Non vi è dubbio che la Corte d’Appello abbia fatto una corretta applicazione dei principi di interpretazione contrattuale, sia di quello letterale, sia di quello sull’interpretazione complessiva delle clausole di cui all’art. 1363 c.c., analizzando il contenuto delle clausole contrattuali, sia singolarmente sia in combinazione tra loro.
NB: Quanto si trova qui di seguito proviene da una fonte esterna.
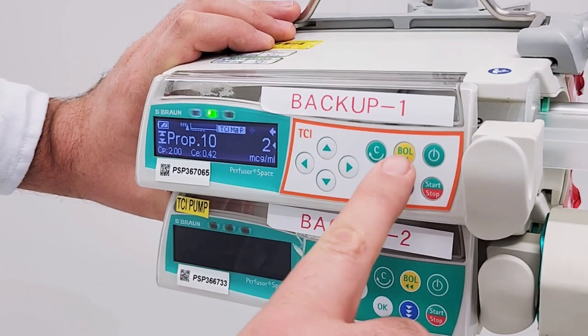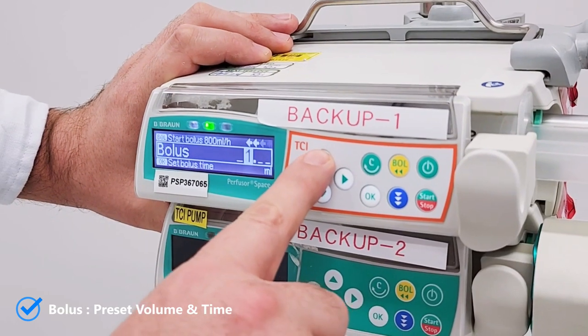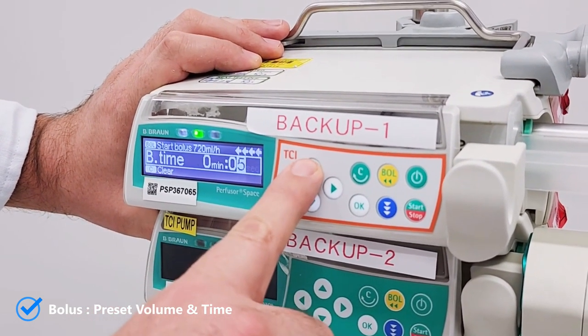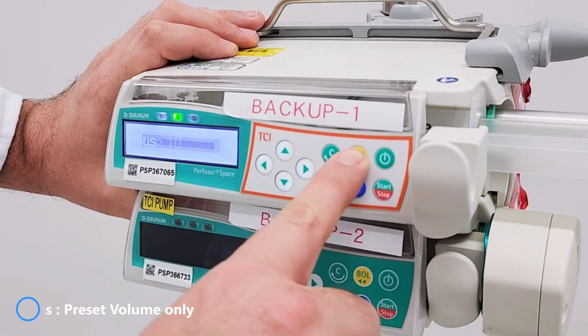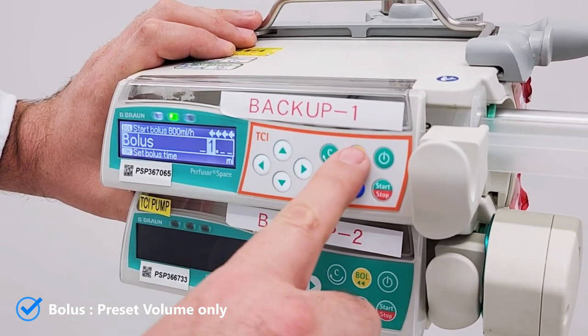There are three ways to give bolus. The first way: press bolus, set the amount by using the arrows, press OK to confirm and set time, then press bolus again to start. Or alternatively, press bolus, set the amount by using the arrows, then press bolus to start.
Peraltro, l’accertamento di tale contenuto, costituendo apprezzamento di fatto riservato al giudice di merito, non è sindacabile in sede di legittimità.

Nè è in alcun modo persuasiva l’affermazione della ricorrente secondo cui l’interpretazione della Corte di merito sarebbe contraria a buona fede.

Il giudice di secondo grado ha avuto anche cura di precisare che l’impostazione della banca – secondo cui la stessa sarebbe legittimata a non onorare più gli assegni emessi dal cliente dal momento della semplice comunicazione a quest’ultimo della revoca della convenzione di assegni, indipendentemente dal decorso del preavviso – non trova in alcun modo giustificazione nel timore dello stesso istituto di credito di essere esposto al pericolo di dover pagare gli assegni nonostante la mancanza di provvista: la mancanza di autorizzazione ad emettere assegni è cosa ben diversa dall’assenza di provvista, e pertanto, nel periodo di preavviso necessario ai fini del perfezionamento della revoca ad emettere assegni, la banca può comunque ben rifiutare il pagamento dei titoli per mancanza di fondi e, in questo caso, il protesto sarà elevato con tale diversa causale.

Dunque, l’affermazione della ricorrente secondo cui l’interpretazione della Corte d’Appello sarebbe contraria a buona fede si configura come apodittica, non confrontandosi minimamente con il preciso percorso argomentativo del giudice di merito.

Infine, non censurabile è l’affermazione del giudice di secondo grado di ritenere irrilevante, ai fini della interpretazione del contratto, la circostanza che nel novembre 2005 il D.G. avesse emesso un altro assegno: essendo in quel periodo già venuta meno da tempo la convenzione assegni, non si poneva una questione – come per il primo assegno – di interpretazione del momento di perfezionamento della revoca ad emettere assegni.

Il rigetto del ricorso comporta la condanna del ricorrente al pagamento delle spese processuali, che si liquidano come in dispositivo.

PQM

Rigetta il ricorso.

Condanna la ricorrente al pagamento delle spese processuali che liquida in Euro 2.200,00, di cui Euro 200,00 per esborsi, oltre spese forfettarie nella misura del 15% ed accessori di legge.

Dà atto della sussistenza dei presupposti per il versamento da parte della ricorrente dell’ulteriore importo a titolo di contributo unificato pari a quello del ricorso principale, se dovuto, a norma dello stesso art. 13, comma 1 bis.

Così deciso in Roma, il 25 novembre 2019.